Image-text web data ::
####
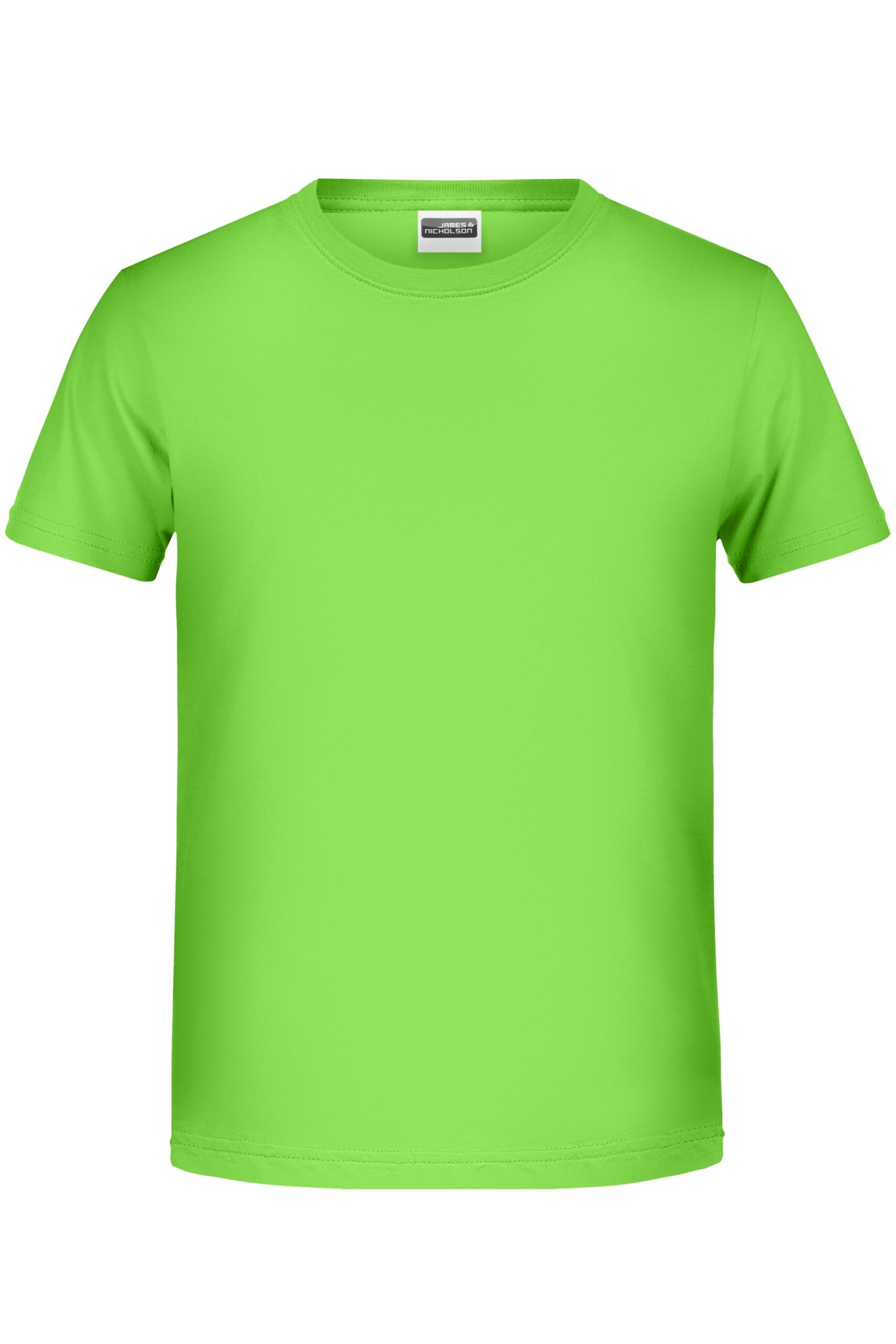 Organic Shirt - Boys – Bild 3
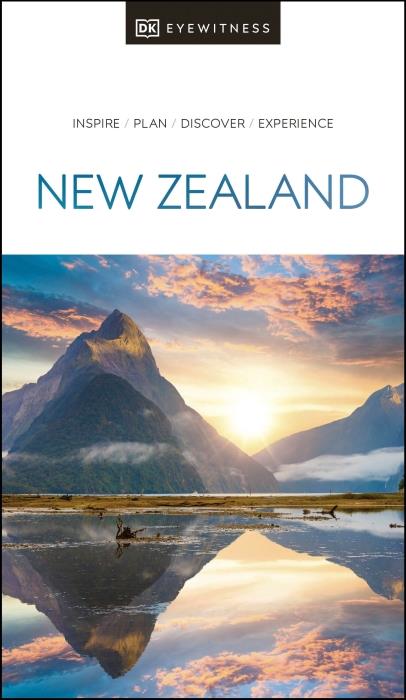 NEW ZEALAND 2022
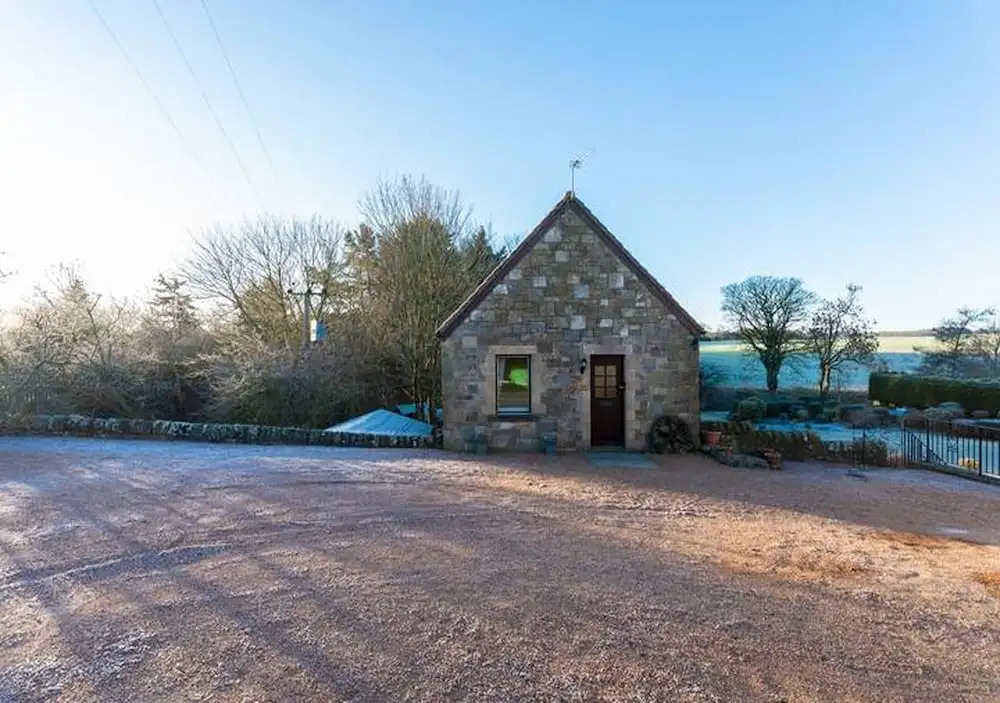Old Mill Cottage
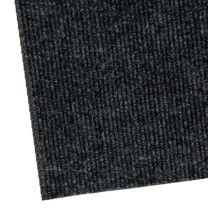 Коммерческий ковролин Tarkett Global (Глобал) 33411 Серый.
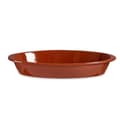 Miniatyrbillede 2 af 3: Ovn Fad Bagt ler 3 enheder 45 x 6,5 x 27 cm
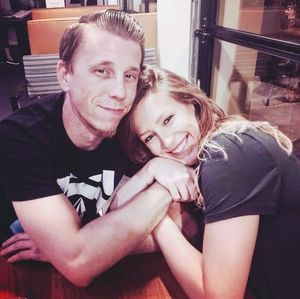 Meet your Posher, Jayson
####
Task :: Please reproduce the entries above line by line, exactly, leaving out each image.

Written response ::
 Organic Shirt - Boys – Bild 3
 NEW ZEALAND 2022
Old Mill Cottage
 Коммерческий ковролин Tarkett Global (Глобал) 33411 Серый.
 Miniatyrbillede 2 af 3: Ovn Fad Bagt ler 3 enheder 45 x 6,5 x 27 cm
 Meet your Posher, Jayson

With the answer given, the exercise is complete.